The emergence of this drawing, now known as Sketches of Portraits, had an additional resonance at the National Gallery of Art, for one of the sketches evoked the Gallery’s own Young Girl Reading. Technical studies (2013–2015) confirmed the presence of an underlying painting in which the model poses as she appears in the Sketches of Portraits—face turned outward—and not as she appears in the finished painting that has long hung on the Gallery’s walls. This discovery, which firmly linked Young Girl Reading to the fantasy figure series, was the impetus for the Gallery’s exhibition Fragonard: The Fantasy Figures (2017). Uniting several fantasy figures with the drawing, the exhibition focused solely on this aspect of the artist’s production, while the catalog that accompanied it explores Fragonard’s technique in detail.
Technical Summary
The support is a slightly coarse plain-weave fabric. The painting has been lined, and the tacking margins have been removed. Prominent cusping on all four edges suggests that the painting has not been cut down. The support was prepared with two ground layers: a pale-gray layer covered by a fawn-colored layer. The paint was applied vigorously, with impasto in highlights and thin washes that leave the ground partially visible in the shadows. The gray shadowed lines in the girl’s collar and fichu were created by incising into the wet white paint with the butt end of the brush to reveal the gray layer beneath. The X-radiograph was originally thought to reveal an earlier painting underneath the current head showing the head of a man wearing a feathered hat. Further analysis (false-color infrared imaging and XRF elemental mapping of both lead white and vermillion) conducted between 2013 and 2015 produced images indicating that the underlying head is actually that of a woman wearing a beaded and feathered headdress, her face turned out to gaze directly at the viewer. Due to an increase in the translucency of the surface paint, the outline, eyes, and feathered headdress of the woman are now slightly visible as pentimenti. Cross-sectional analysis shows that there is no intermediate paint layer between the two heads, nor is there varnish or dirt between them. Additionally, it shows that the original paint layer was not disrupted in any way when painted over, suggesting it was dry before the application of the now-visible paint layer. This suggests that Fragonard did not embark on the repainting immediately, as the lower layer would require at least six months to dry to this degree.

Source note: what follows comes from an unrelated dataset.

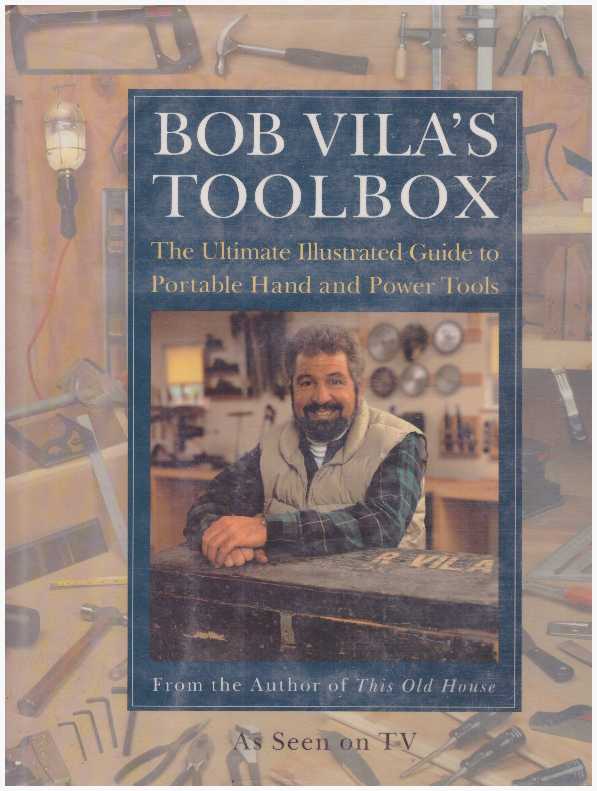 Item #23683 BOB VILA'S TOOLBOX; The Ultimate Illustrated Guide to Portable Hand and Power Tools. Bob Vila.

Overall, the painting is in good condition. To the right of the girl’s neck is a small complex tear. A larger J-shaped tear extends through the pillow and arm of the chair at the bottom right. The paint is slightly abraded in the thinly painted folds and shadows of the dress and in the darks along the bottom of the painting. In 1985 a discolored varnish was removed, and the two distorted tears were realigned and inpainted. The sitter’s head from the previous painting, which had become distractingly visible, was also inpainted at that time. In 1986 a slightly toned varnish was applied. The inpainting of the larger tear has discolored slightly, but the remainder of the inpainting and the varnish have not.